The interior is Instagrammable and millennial-friendly, with wicker chairs swinging from the ceiling and recyclable plates and cutlery. The sweet stuff here should be good: Californian founder Chloe Coscarelli made her name as the first vegan chef to win the USA’s Food Network’s Cupcake Wars in 2010. eatbychloe.com
The Michelin-starred treat: Pied à Terre
In Fitzrovia, the restaurant-packed pocket just north of Oxford Street, the roster of food businesses is in near-constant flux. But Pied à Terre is not only one of the area’s longest-standing restaurants, it also boasts one of London’s longest-held Michelin stars, awarded in 1993, two years after opening.

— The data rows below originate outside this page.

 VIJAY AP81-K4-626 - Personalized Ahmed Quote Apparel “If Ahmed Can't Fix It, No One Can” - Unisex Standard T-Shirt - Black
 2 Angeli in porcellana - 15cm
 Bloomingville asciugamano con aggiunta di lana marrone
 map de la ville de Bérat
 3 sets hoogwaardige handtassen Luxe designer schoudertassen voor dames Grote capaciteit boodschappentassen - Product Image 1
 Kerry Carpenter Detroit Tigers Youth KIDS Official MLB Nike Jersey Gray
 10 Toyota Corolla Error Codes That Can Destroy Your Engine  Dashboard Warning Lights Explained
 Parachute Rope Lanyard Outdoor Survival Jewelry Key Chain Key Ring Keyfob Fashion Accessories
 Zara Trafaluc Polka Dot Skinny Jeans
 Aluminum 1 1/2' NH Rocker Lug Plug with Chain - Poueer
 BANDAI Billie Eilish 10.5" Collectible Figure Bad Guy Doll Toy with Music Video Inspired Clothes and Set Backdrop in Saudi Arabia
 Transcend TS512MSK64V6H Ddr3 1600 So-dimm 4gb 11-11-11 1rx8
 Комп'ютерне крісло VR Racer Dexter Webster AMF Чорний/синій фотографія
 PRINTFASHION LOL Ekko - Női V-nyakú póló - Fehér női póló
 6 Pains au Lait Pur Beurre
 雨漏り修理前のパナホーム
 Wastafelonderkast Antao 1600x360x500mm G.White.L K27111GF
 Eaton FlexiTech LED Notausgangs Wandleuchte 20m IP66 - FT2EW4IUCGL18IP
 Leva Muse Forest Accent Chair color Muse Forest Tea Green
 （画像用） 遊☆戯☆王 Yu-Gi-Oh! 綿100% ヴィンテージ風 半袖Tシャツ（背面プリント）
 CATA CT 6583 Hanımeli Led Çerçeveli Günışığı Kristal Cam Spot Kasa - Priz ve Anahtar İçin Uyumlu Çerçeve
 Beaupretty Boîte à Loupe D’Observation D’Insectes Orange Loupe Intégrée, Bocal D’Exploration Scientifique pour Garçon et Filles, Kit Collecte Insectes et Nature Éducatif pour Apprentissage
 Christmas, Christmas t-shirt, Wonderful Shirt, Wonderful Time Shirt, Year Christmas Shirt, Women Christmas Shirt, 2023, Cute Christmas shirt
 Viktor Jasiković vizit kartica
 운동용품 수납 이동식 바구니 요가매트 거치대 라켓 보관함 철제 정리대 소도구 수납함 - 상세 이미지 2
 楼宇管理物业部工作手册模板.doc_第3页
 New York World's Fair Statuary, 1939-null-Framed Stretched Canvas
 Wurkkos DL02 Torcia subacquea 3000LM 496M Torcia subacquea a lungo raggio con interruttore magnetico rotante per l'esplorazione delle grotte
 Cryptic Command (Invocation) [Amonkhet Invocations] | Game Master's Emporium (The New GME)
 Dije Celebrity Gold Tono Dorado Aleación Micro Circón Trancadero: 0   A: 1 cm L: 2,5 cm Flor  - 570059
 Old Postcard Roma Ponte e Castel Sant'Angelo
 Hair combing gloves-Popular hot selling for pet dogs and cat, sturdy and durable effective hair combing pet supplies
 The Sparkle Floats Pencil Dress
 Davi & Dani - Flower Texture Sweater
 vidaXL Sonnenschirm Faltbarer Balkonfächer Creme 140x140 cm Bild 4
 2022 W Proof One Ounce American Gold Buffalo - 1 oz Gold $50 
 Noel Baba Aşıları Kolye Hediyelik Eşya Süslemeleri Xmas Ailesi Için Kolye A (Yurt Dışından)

Thanks to founder David Moore’s determination to be ahead of the curve, you can forget the starched tablecloths and haughty service usually associated with Michelin-starred dining rooms. Here, pendant lamps cast dappled light over leather booths and teal velvet chairs.
But it’s the restaurant’s 10-course vegan tasting menu, launched almost three years ago with the appointment of head chef Asimakis Chaniotis, that’s kept it modern. The delicate tasters of spelt risotto, coconut cream “cheese” and zesty lime sorbet are a far cry from the meat-focused kitchen of the 90s, where the chefs would scrabble to find a plant-based alternative on the fly.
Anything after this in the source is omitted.